CryptoVerif is a proof assistant for game-based cryptographic proofs used for analyses in the asymptotic and the concrete security framework. It formalizes code-based proofs by sequences of games (“game hopping”), and has a high degree of automation which allows treating complex protocols. The tool has been used to write proofs for SSH, TLS, the Signal protocol, the WireGuard VPN protocol, and during the development of the HPKE standard.

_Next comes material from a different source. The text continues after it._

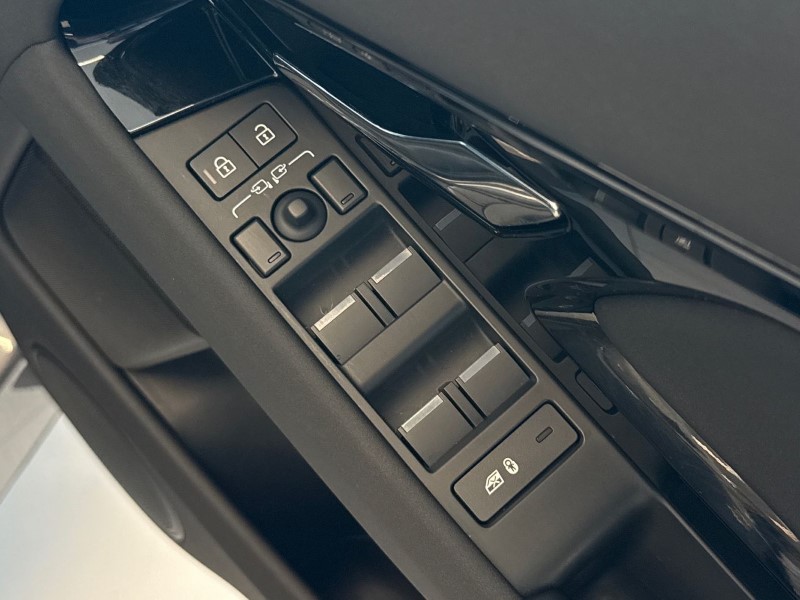 2025 (75) LAND ROVER RANGE ROVER EVOQUE 2.0 D200 Dynamic SE 5dr Auto 5243280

CryptoVerif only requires users to specify the initial game and the proof goals (secrecy, authentication, or indistinguishability) and will then try to carry out the proof automatically through its built-in strategy. Users can alternatively guide the proof by manually specifying some proof steps. The tool comes with a predefined set of cryptographic assumptions, and users can also specify their own using CryptoVerif’s input language.
This tutorial will teach participants to read and understand the security notions expressed in most existing CryptoVerif models. We will guide them through multiple examples, first covering some classical cryptographic assumptions (DDH, ROM, EUF-CMA) applied to constructions like Encrypt-Then-Mac, and then looking at small protocols like a signed Diffie-Hellman key exchange. The tutorial will include a gentle reintroduction to provable security and game-based/code-based/game hopping proofs. Participants should bring a laptop.